MATERIAL FOR THIS EXERCISE –
━━━━━━━━━━━━━━━━

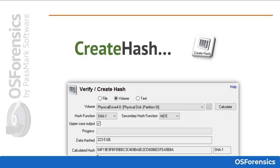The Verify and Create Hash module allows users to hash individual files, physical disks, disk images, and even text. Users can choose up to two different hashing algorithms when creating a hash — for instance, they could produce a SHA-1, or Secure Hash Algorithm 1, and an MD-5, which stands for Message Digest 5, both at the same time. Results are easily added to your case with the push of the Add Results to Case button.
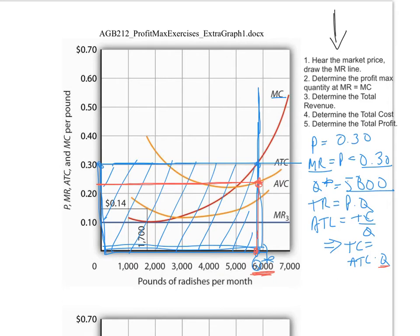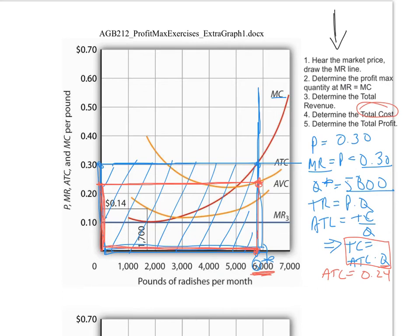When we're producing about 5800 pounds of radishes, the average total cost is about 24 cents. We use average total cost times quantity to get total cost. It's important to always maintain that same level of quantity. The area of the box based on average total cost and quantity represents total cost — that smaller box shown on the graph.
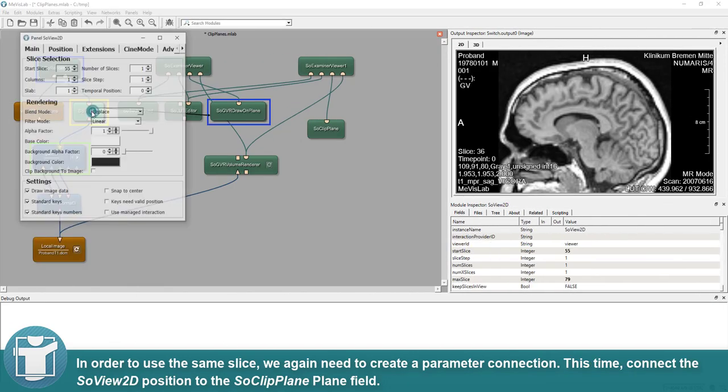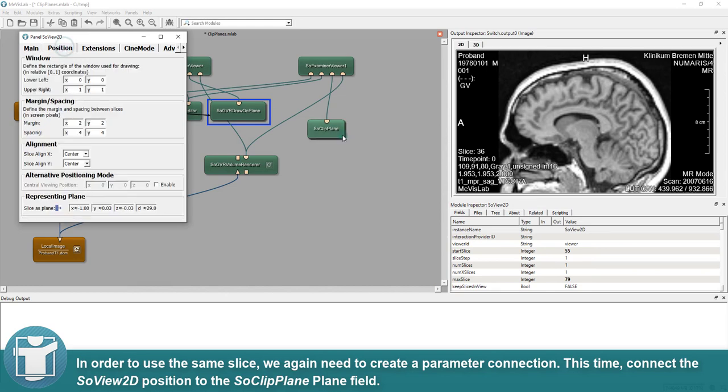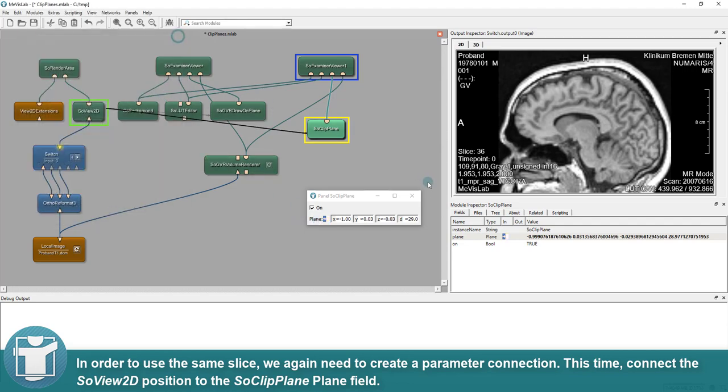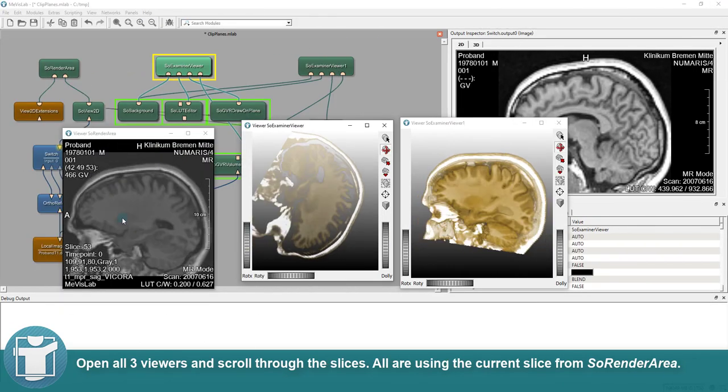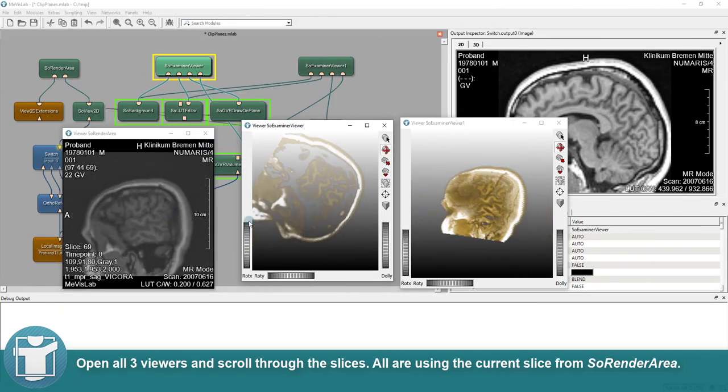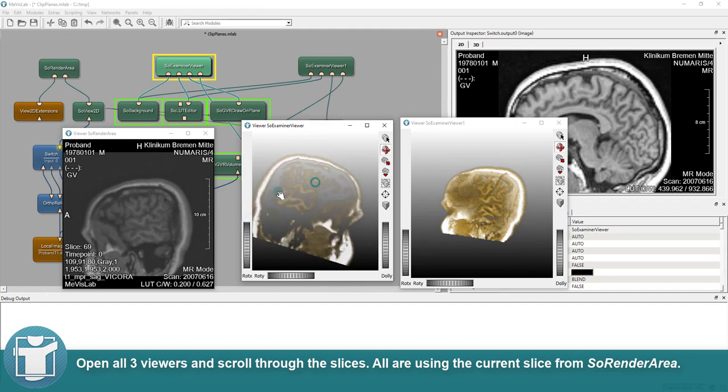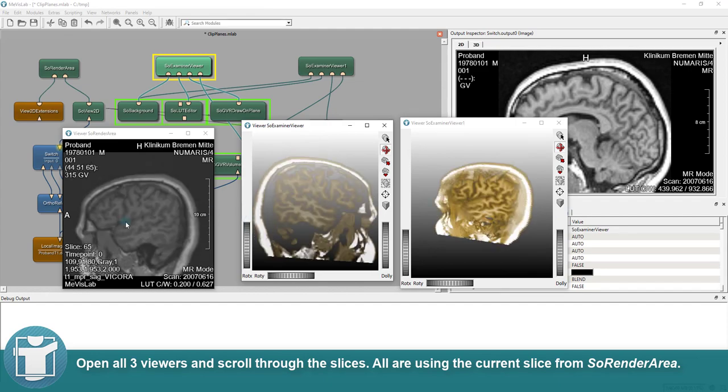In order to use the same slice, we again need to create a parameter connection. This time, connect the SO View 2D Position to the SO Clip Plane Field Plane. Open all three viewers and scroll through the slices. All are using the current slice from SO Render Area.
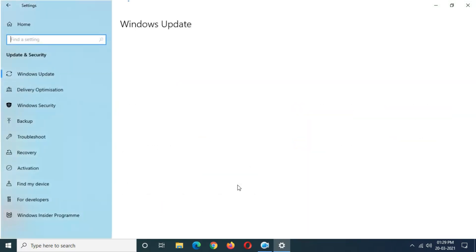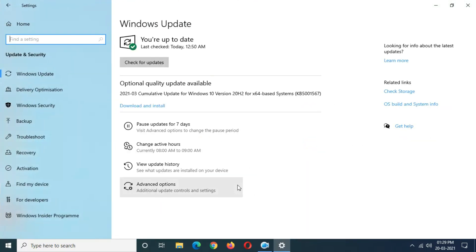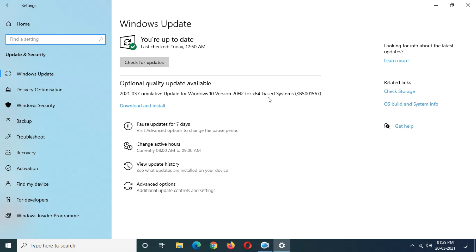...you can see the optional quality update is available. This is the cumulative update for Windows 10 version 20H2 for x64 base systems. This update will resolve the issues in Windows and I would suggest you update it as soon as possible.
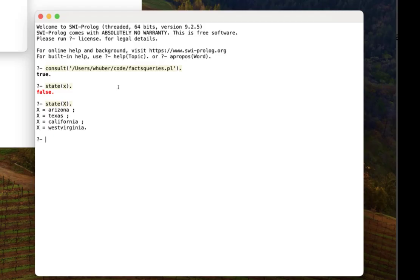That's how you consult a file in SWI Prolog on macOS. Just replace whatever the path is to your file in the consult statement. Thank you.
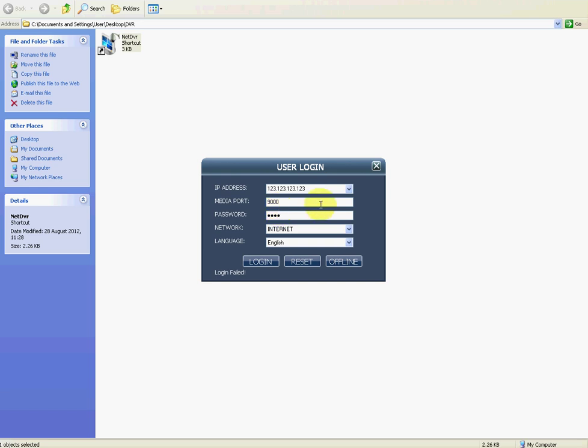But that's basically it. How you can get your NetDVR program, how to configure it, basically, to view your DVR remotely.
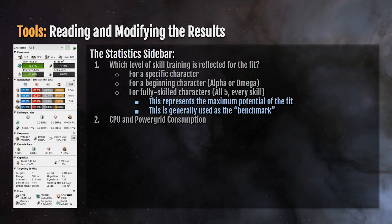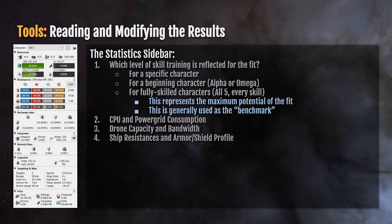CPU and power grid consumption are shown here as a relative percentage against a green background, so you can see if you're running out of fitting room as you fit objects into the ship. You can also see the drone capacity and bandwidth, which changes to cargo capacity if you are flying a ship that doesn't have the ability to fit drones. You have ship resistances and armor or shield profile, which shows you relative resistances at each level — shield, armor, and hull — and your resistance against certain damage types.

━━━━━━━━━━━━━━━━

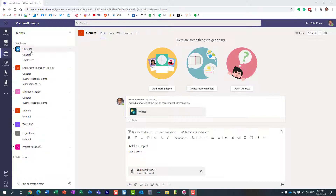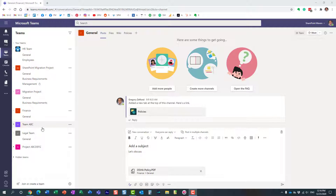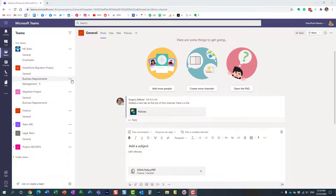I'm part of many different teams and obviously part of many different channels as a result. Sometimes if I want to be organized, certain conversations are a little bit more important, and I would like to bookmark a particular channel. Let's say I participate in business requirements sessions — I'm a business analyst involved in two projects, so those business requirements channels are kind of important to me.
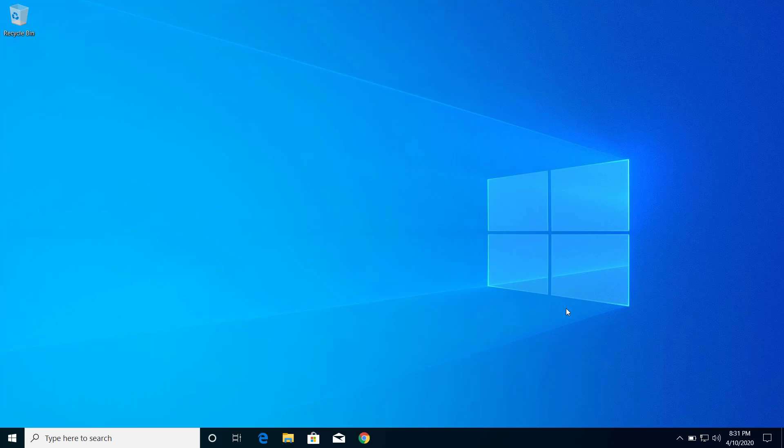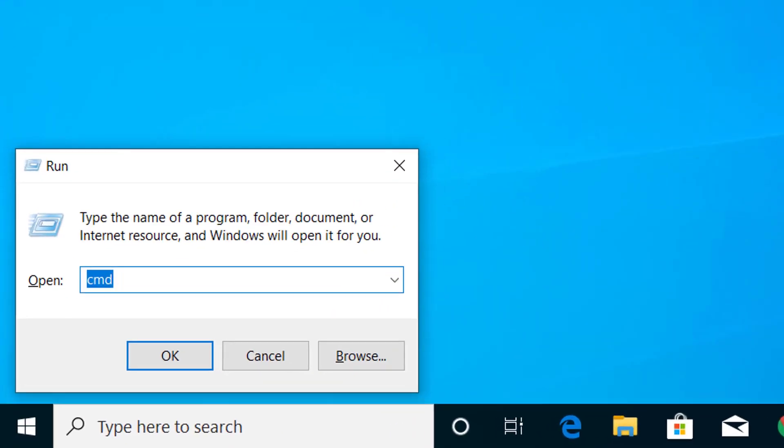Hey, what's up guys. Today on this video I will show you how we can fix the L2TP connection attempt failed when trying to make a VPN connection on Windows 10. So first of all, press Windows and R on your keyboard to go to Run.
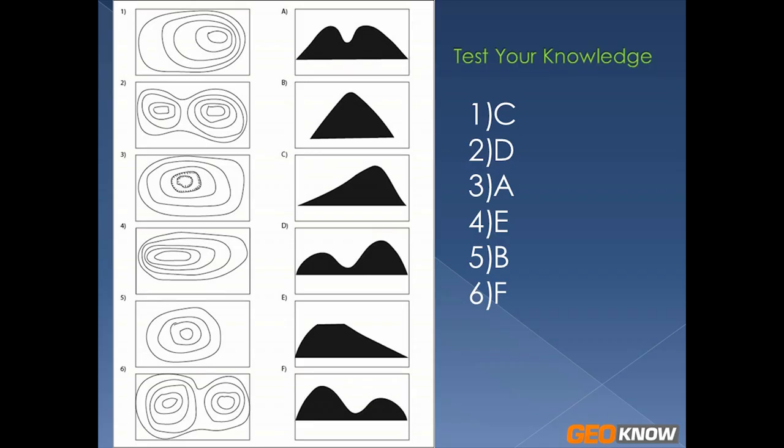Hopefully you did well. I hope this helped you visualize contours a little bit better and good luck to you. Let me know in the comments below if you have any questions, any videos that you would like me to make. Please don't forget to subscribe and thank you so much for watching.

━━━━━━━━━━━━━━━━

PROBLEM TO WORK ON –
Respond with the exact lines above running from the one containing "Hey, what's up" to the one containing "Hopefully you did", both ends kept and no pictures included.

SOLUTION FOR THIS PROBLEM –
Hey, what's up guys. Today on this video I will show you how we can fix the L2TP connection attempt failed when trying to make a VPN connection on Windows 10. So first of all, press Windows and R on your keyboard to go to Run.
Hopefully you did well. I hope this helped you visualize contours a little bit better and good luck to you. Let me know in the comments below if you have any questions, any videos that you would like me to make. Please don't forget to subscribe and thank you so much for watching.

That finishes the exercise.